Before reading Mr. Ayrton's instructive letter, we might have been inclined to put a false interpretation upon this passage. But now we know that what Lewis plainly says here is, 'Roberts attaches more importance to Vorticism than I do.'

What importance I attach to Vorticism can be judged by this extract from my Introduction 'William Roberts and Vorticism's Year' taken from the book on my early abstract work, published recently. There I wrote 'What was Vorticism? The answer could only be – a slogan. For as far as the character of the work of each artist forming the Group was concerned, this continued to be the same during Vorticism, as after it, the varying development according to each talent of Cubist and Futurist influences.'

No Mr. Ayrton, 'My Case' is not one against Lewis for 'Underrating' Vorticism, but against the Tate and Lewis for presenting a deceptive record of Vorticism.

10th January, 1958
WILLIAM ROBERTS


On the 10th January, the day this letter was sent to the editor, the T.L.S. published two letters, one from my Reviewer, the other from Rothenstein.

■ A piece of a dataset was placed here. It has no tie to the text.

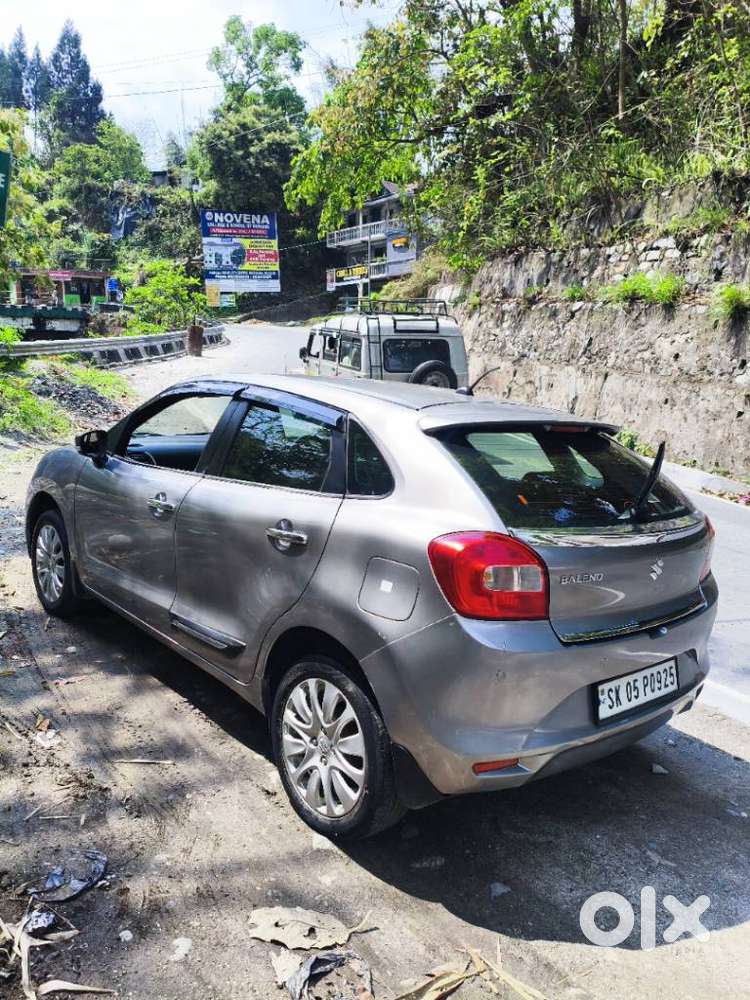 Maruti Suzuki Baleno Alpha Diesel, 2019, Petrol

The Tate Director's note, detached, dignified, Director-ish in tone, pooh-poohed any suggestion that the Wyndham Lewis and Vorticism exhibition had not been a fair deal to Vorticism, and in support of this contention cited the Edward Wadsworth memorial exhibition held at the Tate in the Spring of 1951. But this does not help his argument in the least, for in that exhibition Wadsworth was presented as an individual, independent artist – in T. E. Earp's introduction to the Catalogue there is no mention of Lewis or Vorticism, the only comparison to any other artist there made, is to Chirico – whereas at the Lewis Retrospective show, Wadsworth appears in the role of a Vorticist 'Disciple'.

My reviewer, to judge from the letter, was clearly shaken by the impact of the double-letter barrage laid down by Messrs Rothenstein and Ayrton in reply to the review. And apologising for the discourtesy in omitting two words of an extract from Mr. Ayrton's article 'The Stone Guest', endeavoured to Substitute me as the culprit responsible for this.

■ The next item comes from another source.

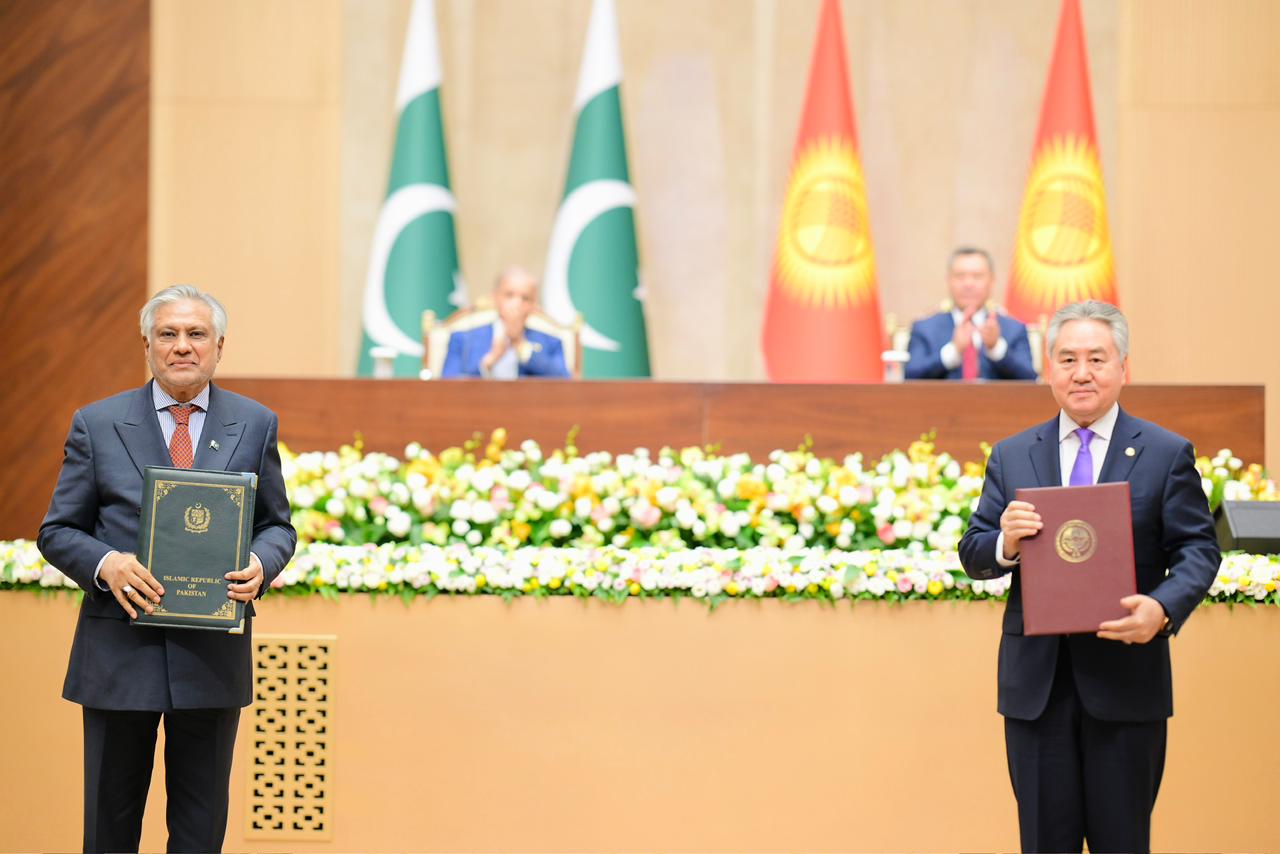 Pakistan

At this juncture in the correspondence – as one might expect – the subject in dispute, Lewis and Vorticism, changed to that of Mr. Ayrton's publicity, or rather lack of it. Thus in a note to the T.L.S. on January 17th, we are informed, that the fact that the Reviewer 'did not know his opinions, had him not in mind, and did not mention his name, leaves him abashed'. And so, with the final – who shall deny its importance – emphasis placed upon that point, the correspondence was closed, the editor Mr. Pryce-Jones being of the opinion, 'that by now everyone has had their say on the matter of your pamphlets'. But with six letters to my one, it was obvious that some people had been having rather too much of the 'Say'.

To anyone unschooled in the Politics of Journalism this arrangement of the exchange of Letters in the T.L.S. must have placed my cause in a very unfavourable light. The two unanswered letters, that was bad! A clear sign of surrender to these two gentlemen. Well first, as regards Rothenstein; the use he had made of our meeting at the Tate counselled me to caution, moreover I realised that any private correspondence between us, would be – for his part – a public one some day. The Times Literary Supplement has justified these scruples.

As for the Ayrton letter, I had no desire at that time, August 1956, with Lewis alive, and the Vorticist affair going on at the Tate, to be dragged into an irrelevant discussion about whales and sprats with a stranger. My business was with my old-time friend Wyndham Lewis, not with his present-day 'Follower'. However, if the publication of their letters in the T.L.S. has contributed nothing of value to the history of Vorticism it has at least enabled me to give both Rothenstein and Ayrton their long-awaited replies.

I hope, although one cannot be sure – for Sir John has announced his intention to make alterations in the 2nd edition of his biographical essay William Roberts – that upon the subject of the Vorticist Year, this will be my last word.